The FOMC delivered the market a hawkish surprise this week, with the 2017 dots signalling three hikes next year, up from the two signalled in September. USD strength followed, and we think USD/JPY has the furthest to run.

With the BOJ remaining committed to its yield control policy, the widening rates differential is likely to be highly supportive for USD/JPY. Risk sentiment reaction remains important for the cross, but so far seems contained.We are not expecting any surprises from the BOJ next week, and with low easing expectations market reactions should be muted.

We expect USD to outperform over 2017, but unlike 2016 it is likely to be driven more by the fiscal purse rather than monetary policy easing. Stronger global growth momentum than a year ago should also reduce the likelihood of a risk-off environment that caused the position unwind earlier this year.

The “Trumpflation trade” is still in full swing, and as we write this USD crosses are breaking above key levels at an impressive pace.

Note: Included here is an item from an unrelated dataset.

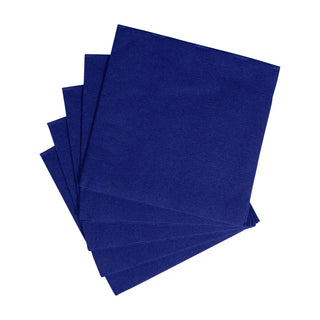 Caspari Paper Linen Navy Blue Napkin Solid Airlaid Cocktail-15 In 103CG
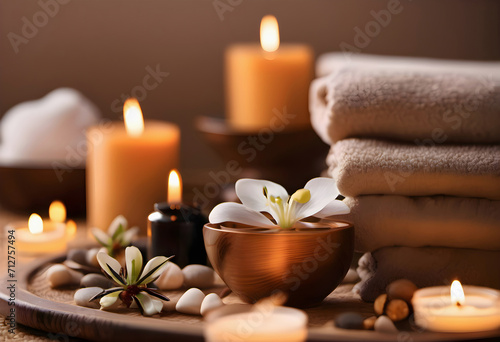 Beautiful spa composition with candles, stones and towel on table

We expect this to continue into the new year and more so if President-elect Trump passes legislation at a faster pace than the market is expecting. Politics will likely continue to dominate the headlines next year, and we expect EUR to move below parity and GBP to reach new lows.

CAD is likely to outperform AUD and NZD, while SEK and NOK are likely to outperform CHF as their central banks turn more hawkish. Finally, we believe foreign bond flows could have a greater impact on EUR going forward, as the higher FX hedge costs for euro area investors could mean a stronger FX impact from those outflows.